Questions can have numerical answers (such as age), or may be factors (Yes or No, agree, disagree, etc.), with the table tipos_respuesta (answer types) is identified the kind of response that corresponds to each question.
For answers of factor type, the factores (factors) table contains all the possible answer values, again literally copied from those provided in the original OECD data, and, to each question, the possible responses are associated through the factores_preguntas (factors questions) table.
Finally, the table grupos_preguntas (question groups) is used to group equivalent questions pertaining to different years, which are sometimes codified with different codes depending on the year. For example, age, sex, etc. are questions that are repeated every year.
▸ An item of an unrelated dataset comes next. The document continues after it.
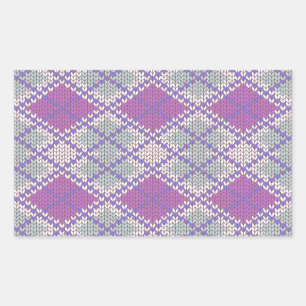 PEGATINAS del Rectángulo de LILAC ARGYLE KNIT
There is an option when querying the data to select to if the answers to these questions are returned in different columns, one for each year, or all in the same column, under the name of the group.
Data tables of the PISA database
These tables are contained in each of the national databases, and contain the students, schools and parents, as well as responses to questionnaires and different statistical for each student, like scores, weights and replicated weights.
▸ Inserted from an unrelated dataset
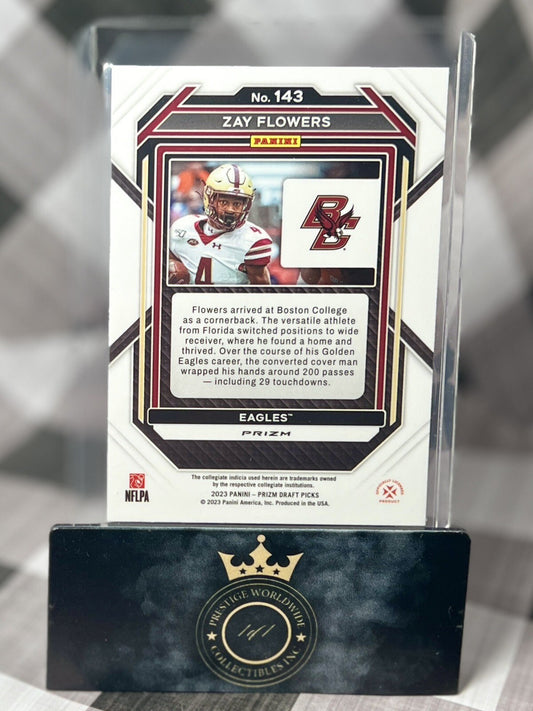 Zay Flowers 2023 Prizm Draft Picks Red Cracked Ice #143 Ravens & BC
The tables where the different individuals in the sample are stored are alumnos (students), escuelas (schools) and padres (parents):
Although, for each student, their corresponding school and their parents the stratum and territorial division are the same, these data are duplicated in all three tables because the queries can be done only by school or parents, and there are too many records in the student table to cross it in a query only to obtain this information, so we sacrifice normalization of the tables in favor of query optimization. In the codigo (code) field of the table of schools and students there is the code assigned in the original database to the student or school.
The statistics concerning individuals (weights, replicated weights and scores), are in the following tables:
In all of them, the valor_txt (textual value) field is the literal value in the official OECD data.
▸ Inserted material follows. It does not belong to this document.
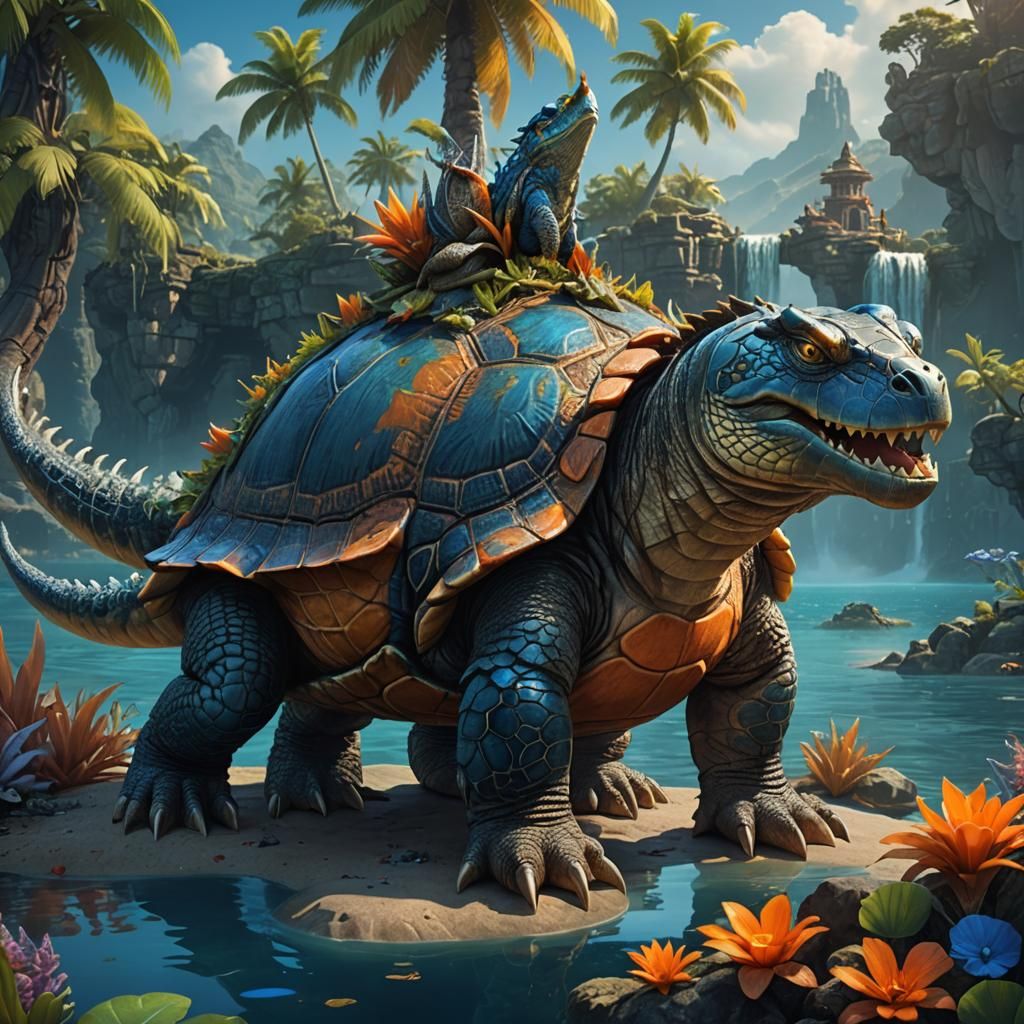 Turtle-Crocodile Hybrid Creature on Island, Detailed Matte P...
Finally, as there are a lot of different answers to the questionnaires, I have distributed them into five different tables, to optimize access:
The student questionnaire answers have been divided into two tables, respuestas_otros (other answers) and respuestas_alumnos (student responses), in respuestas_rms are the answers to reading, math and science exams. The answers to the school questionnaire are in respuestas_escuelas and those of parent questionnaire on respuestas_padres. In the field valor_alfa (alphanumeric value) is the literal value of the answer in the database of the OECD, while valor_num (numerical value) is this value converted to number, if possible.
The answers may be valid or some of the various nulls (NA, Invalid, Missing, Not Reached, Ambiguous or Ungraded, as the literal encoding in OECD database). The kind of answer is indicated in the id_clase field. The kinds of answers are in the table clase_respuesta (answer class), in the PISAComun schema:
The validez (validity) field is 1 for valid answers or 0 for missing or null values; valor_devuelto (returned value) is the default value code that is returned to the user as the value of the response. If the value is NULL, then the answer value in the corresponding table is returned.